After more than 35 years of operation, TBI is closing its doors and our website will no longer be updated daily. Thank you for all of your support.
TBI Weekly: Hot or not at the LA Screenings
This week’s LA Screenings have brought us the hottest pilot pick-ups from US Studios, but what proved popular and what turned out a dud among the titles?
Reboots
Needless to say, reboots dominated the Upfronts this year as each studio picked up some form of revamp or spin-off. Yes, this has been a trend for a couple of years now. Yes, it’s still trending.
Most notable is CBS’s Magnum P.I., which NBC has international rights for, and Murphy Brown, as both took primetime slots on the network.
The Goldbergs spin-off, Schooled, is also much anticipated and coming from ABC and Sony Pictures Television. The series is based on the most popular episode of The Goldbergs, featured in season five, and based in the 90s.
The CW invested in a range of series of the past, bringing a Charmed reboot, Roswell High spin-off and a Julie Plec project set in the Vampire Diaries universe.
Unexpected passes
No one thought that a pilot that was offered both as a reboot and starred Jessica Alba and Gabrielle Union as a cop duo would be passed on, but that’s what NBC did this year. LA’s Finest was set to be a Bad Boys offshoot that follows the film’s Special Agent Syd Burnett (Union) as she moves to Los Angeles to join the LAPD.

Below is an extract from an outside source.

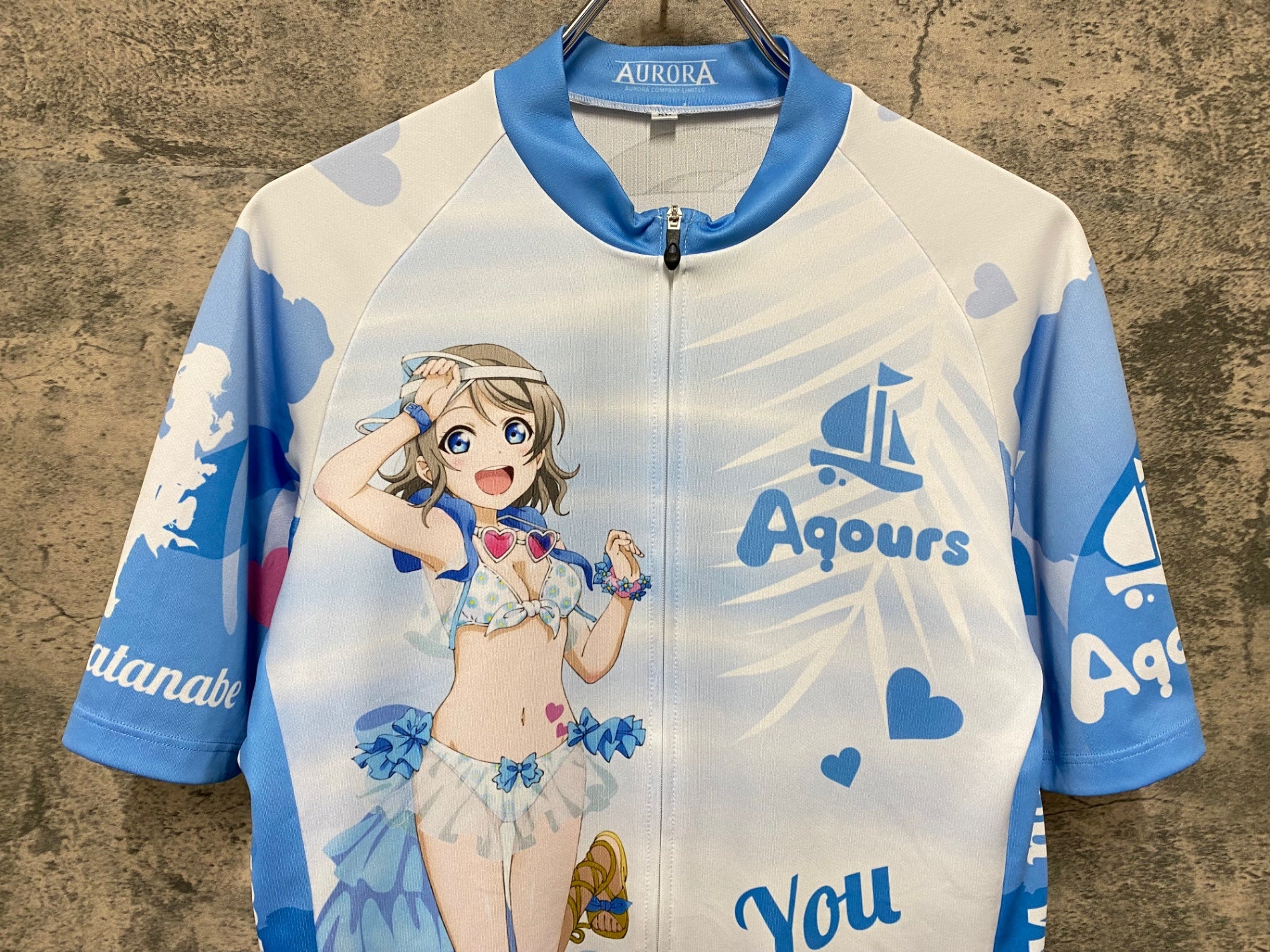 KA077 アウローラ AURORA 半袖 サイクルジャージ 青 XL ラブライブ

The CW’s Supernatural spin-off, Wayward Sisters, was also expected to be successful, but left more to be desired according to studio heads. CW chief Mark Pedowitz has said that the show was “not creatively where it wanted to be” to become a smash hit, during its Upfronts earlier today.
Cancellations galore
From Brooklyn Nine-Nine to Kevin Can Wait and Lucifer, there were some real surprises in network choices for cancellations this year. It seems that networks have upped the stakes for titles and what constitutes as a successful show in the long term.
Speaking to TBI on the topic, Keith Le Goy said earlier this week: “I think it’s tougher now than it’s ever been, the bets that people took 2/3 years ago, that were the right bets to take then, are harder to take today and therefore the bar for winning the bet is higher.”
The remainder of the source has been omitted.